Solution Components - Scale-Out Computing on AWS

Solution Components

User Interface

Scale-Out Computing on AWS deploys and sets up an example web user interface (UI) with a common set of APIs that the administrator and users can use to interact with their Amazon Elastic Compute Cloud (Amazon EC2) cluster. The example UI allows users to submit jobs, manage and share their files, start/stop desktop cloud visualization (DCV) sessions, download private keys, and monitor the queue and job status in real-time. Administrators can use the UI to manage LDAP users and groups, create application profiles (for web-based job submission), and manage job queues.

Pre- and Post-Processing in the Cloud

This solution leverages cloud-based workstations to enable users to easily access the cluster to perform any pre- and post-processing visualization actions (such as computer-aided design). User working files persist across workstation sessions and are stored in the user home directory in Amazon Elastic File System (Amazon EFS). Administrators can create custom Linux Amazon Machine Images (AMIs) with common user applications preinstalled in the cloud workstation.

Real-Time Analytics

Schedulers and application logs are ingested in real-time and stored into the data lake for further processing. Node counts, job status, and metadata is automatically pushed to the Amazon Elasticsearch Service (Amazon ES) cluster.

Custom Code and Automation

This solution is deployed with a collection of scripts that are customizable and can be extended to help administrators and users collect data and execute common cluster tasks. These customizations can be found in /apps/soca/<your-soca-name> and perform the following tasks:

  • Automatic Error Handling: Dry run checks before provisioning Amazon EC2 capacity

  • Automatic Log Management: Collects and backups cluster logs to Amazon S3

  • Custom job status tool: Improves cluster status with AWS-specific information

  • Simplified LDAP user management: Scripts to perform typical LDAP actions

  • Application License resource: FlexLM software enabled script which calculates the number of license available for a given feature

High-Perfomance Computing (HPC) Budgets

This solution helps users and administrators easily manage their HPC budgets. It generates detailed reports by users, software, teams, queues, projects, or applications using resource tagging. This solution uses AWS Cost Explorer and AWS Budgets to help users manage their expenses and forecast their budgets based on historical data. Note that if resource tagging is not enabled, you must manually enable these tags for the Cost Explorer reporting platform through Cost Allocation Tags.

Customizable

This solution can be customized by users to fit their business needs. The business logic is configured using an AWS CloudFormation template and Amazon EC2 user data scripts. The solution's codebase is open-source and available on GitHub. Customization examples can be found on the official documentation.
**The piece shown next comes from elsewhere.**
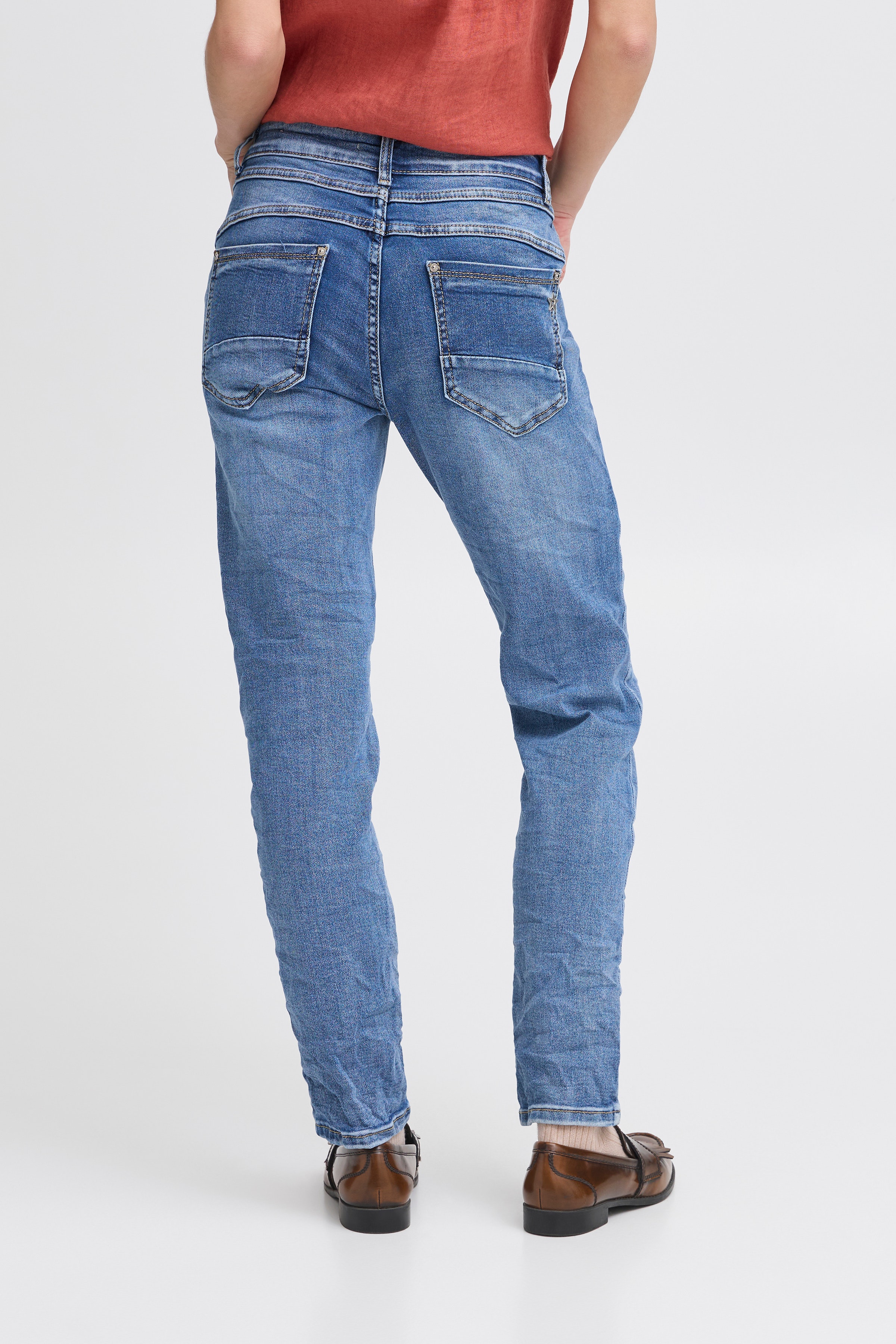 SBPRETTY Jeans LOOKBOOK BACK 22100944-202820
Persistent and Unlimited Storage

This solution deploys two unlimited Amazon Elastic File System (Amazon EFS) storage files (/apps and /data). You can also deploy high-speed Amazon EBS SSD-backed disks or Amazon FSx for Lustre that can be used as a scratch location on your compute nodes.

Centralized User Mangement

Customers can create unlimited LDAP users and groups. By default, this solution deploys a default LDAP account and a Sudoers LDAP group which manages the SUDO permission on the cluster.

Scheduler Instance

This solution deploys an Amazon EC2 instance running the open source PBS Professional (PBSPRO) 18.1.4 job scheduling software. This solution has an AGPLv3 licensing component. For more information, see Notices.

Application Programming Interface (API)

This solution provides an HTTP REST API for administrators and users to interact with the cluster programmatically. Through the API you can create users, groups, and queues; submit jobs; and view and change job status using either bash or python.